Духовный героизм Якушкина заключался, быть может, прежде всего в том, что он своим собственным внутренним развитием выстрадал, преодолевая «восторженные экзальтации» и провалы в отчаяние, состояние духа и образ мысли, альтернативные всякого рода романтической аффектации и экстремистской «отчаянности» тех «героев на час» и «лишь на площади» — перед толпой, которых слишком хорошо узнала потом история русского освободительного движения и которые уже достаточно выразительно проявили себя в декабризме. Я не из какой-то увертки не называю здесь реальных исторических лиц и не противопоставляю тут «моему Якушкину» никого персонально из декабристов — лица эти сами в разное время могли находиться в разных состояниях; прилепить им тот или иной ярлык, выделив лишь одну какую-то черту их поведения, скажем, на Сенатской, или на следствии, или на поселении, — дело и простое, и знакомое, и неубедительное. Куда как важнее здесь, мне думается, разговор о том типе общественной активности, который был столь выразительно и столь ненавязчиво представлен именно в Якушкине.
«Главное — не надо утрачивать поэзию жизни: она меня до сих пор поддерживала, — горе тому из нас, который лишится этого утешения в исключительном нашем положении».
Это некий завет. Целые поколения русских людей среди разного рода обстоятельств, постигавших их, могли бы завещать эти слова в наследство одно другому. Эти слова могли бы быть произнесены и Якушкиным, правда, он был сдержаннее на проявления разного рода лиризма, даже и в столь стоическом духе. Это очень важные слова, и очень важна та мысль, которую выразил тут Пущин.
«Не утрачивать поэзию жизни», чувство жизни, ее обаяние вообще бывает необычайно важно именно в «исключительном» положении кромешной безвыходности и, кажется, полной безысходности. Иначе — отчаяние, «состояние невозможности» и — взрыв, при котором жертвы и последствия уже не в счет, и вообще не о чем уже думать — ни о себе, ни о тех самых «жертвах прогресса» и «щепках истории», во имя которых и ради будущего счастья которых все вроде бы и осуществляется в сфере общественного прогресса.

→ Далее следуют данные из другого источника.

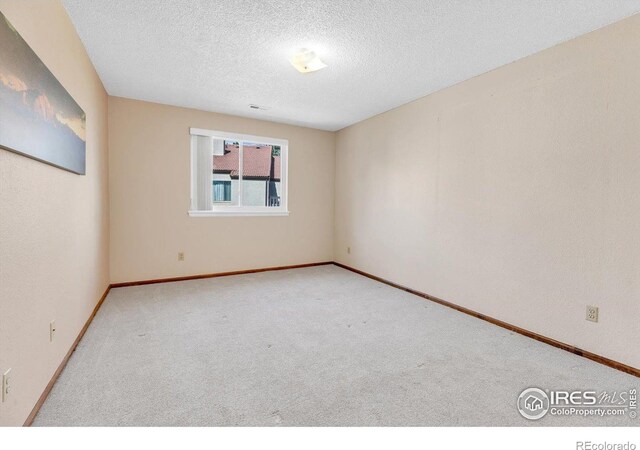 5035 W 73rd Ave, Westminster, CO 80030 - spare room featuring carpet flooring, a textured ceiling, and baseboards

В «Былом и думах» есть одна очень выразительная, на свой лад смешная и очень идущая тут нам к делу сценка, относящаяся к тем воспоминаниям юности Герцена, когда, в частности, ему довелось быть знакомым с известным государственным деятелем тех времен, попечителем Московского учебного округа графом Строгановым. Старый граф был в своем роде отчасти как бы либералом, любил похвастаться разного рода усовершенствованиями, введенными им в Московском университете, очень морщился на «крайности» режима, даже старался вроде бы, по словам самого Герцена, как-то помочь «молодому вольнодумцу», которого уже цепко прихватили «челюсти бульдога», как именовал Герцен свору Бенкендорфа и Дубельта, за которыми стоял и сам Николай, лично помнивший о «деле Герцена». Строганов любил порассуждать о «разных разностях» с молодым вольнодумцем, при этом его очень забавно заносило то в одну — либеральную, то в другую — консервативную сторону.